If it is true that experts are causing so many mismoves, what, you might ask, is an “expert”? Good question. Just after the U.K.—or parts thereof—voted in 2016 to leave the EU, a prominent politician and leave campaigner caused some disquiet when, in refusing to name any economists who backed the country’s exit from the EU, he was reliably quoted as saying that “people in this country have had enough of experts.”
He was clearly talking about expert economists, but his statement was condemned widely, including by one popular scientist whose television programs reach a wide audience. The gist of the responses was that if people shut their ears to the opinions of experts, chaos and anarchy would descend upon the world.
This has a ring of truth about it, but I suppose some might retort that chaos, in the form of environmental breakdown, is being given a clear run even with any number of experts in place. But again, while this retort would have a ring of truth about it, it would sidestep the uncomfortable fact that environmental experts are not in control of the environment. They must compete with experts at plundering our natural resources in the name of making money for the ear of politicians, who, while democracy still stands, have the final say. Like it or not, politicians are the experts of last resort.
One way of getting around the issue of experts failing in their chosen fields is to assume that there is no such thing as an expert. All you must do is extrapolate to all fields of endeavor what William Goldman said about the motion picture business: “Nobody knows anything.” And while that might sound a mite dismissive, it is much less so when you consider that he went on to qualify that remark with, “Every time out it’s a guess and, if you’re lucky, an educated one.”
That raises another issue. What part of being an expert is played by education and intelligence, two concepts that I have to admit I would struggle to define and the latter of which I would have no idea how to measure? Still, such lack of knowledge does not stop me from wondering whether an expert necessarily must be well educated and intelligent. Indeed, are education and intelligence inextricably linked? I would suggest not. Clearly, many people are intelligent without being educated while many well-educated people are not what I would judge to be intelligent because they lack attributes such as common sense, creativity and natural wit.

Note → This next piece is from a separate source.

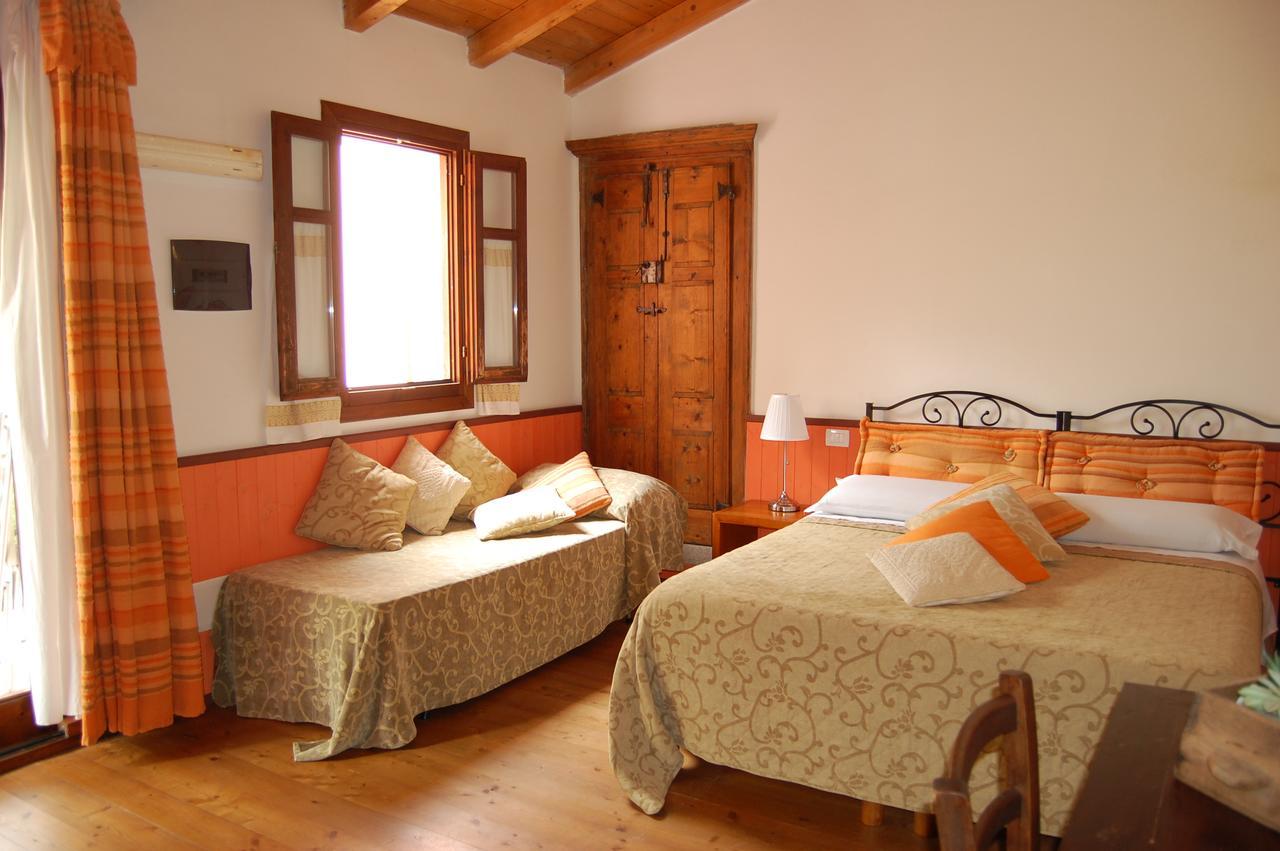 Agriturismo L'Aglientu B&B Loiri Porto San Paolo Exteriör bild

Nowhere is it better demonstrated that a lack of education and intelligence need not be a bar to be an expert than in the U.K.’s Houses of Parliament. Votes form the only qualification necessary for being a representative of the people in the House of Commons, given that one meets certain criteria to do with such things as age, citizenship and the ability to stump up a nonrefundable deposit, while membership of the House of Lords is down to a complex form of Buggins’ turn that doesn’t bear too much scrutiny much of the time.

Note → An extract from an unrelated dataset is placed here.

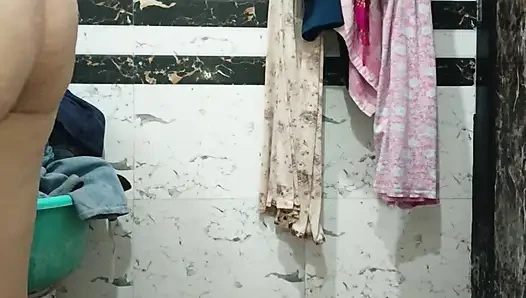 Priya bhabi yeni tarz vücut gösterisi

That’s worth thinking about. The people who are voting on issues that will affect everybody in the land and some of those overseas, and who might plunge us into war, need not be educated or intelligent, and they need not be what many people would consider to be an expert. Indeed, a person with little education and the wit of a paving slab could become a Member of Parliament and be elevated to a high office of state, depending on just how far she is willing to go in towing the party line or on what Homer Stokes would describe as the state of cronyism, nepotism and rascalism within the system.
But, of course, you don’t have to be thick as a brick to be a politician, and many are highly educated and intelligent. Recently in the U.K., a prominent politician implied that his superior intelligence or common sense would have allowed him to escape from a tragic event in which many people were killed. The politician is, without question, well-educated and intelligent, but, judged only on this comment, you would think him otherwise.
Apart from the fact that his remark was crass, hurtful and politically dumb, he had failed to discern that what divided him from the people who died was not intelligence but the availability of information. He was viewing the tragedy from the safety of his armchair and with benefit of hindsight. Those who died were caught up in fast-moving events and were acting in line with official advice—advice provided by experts.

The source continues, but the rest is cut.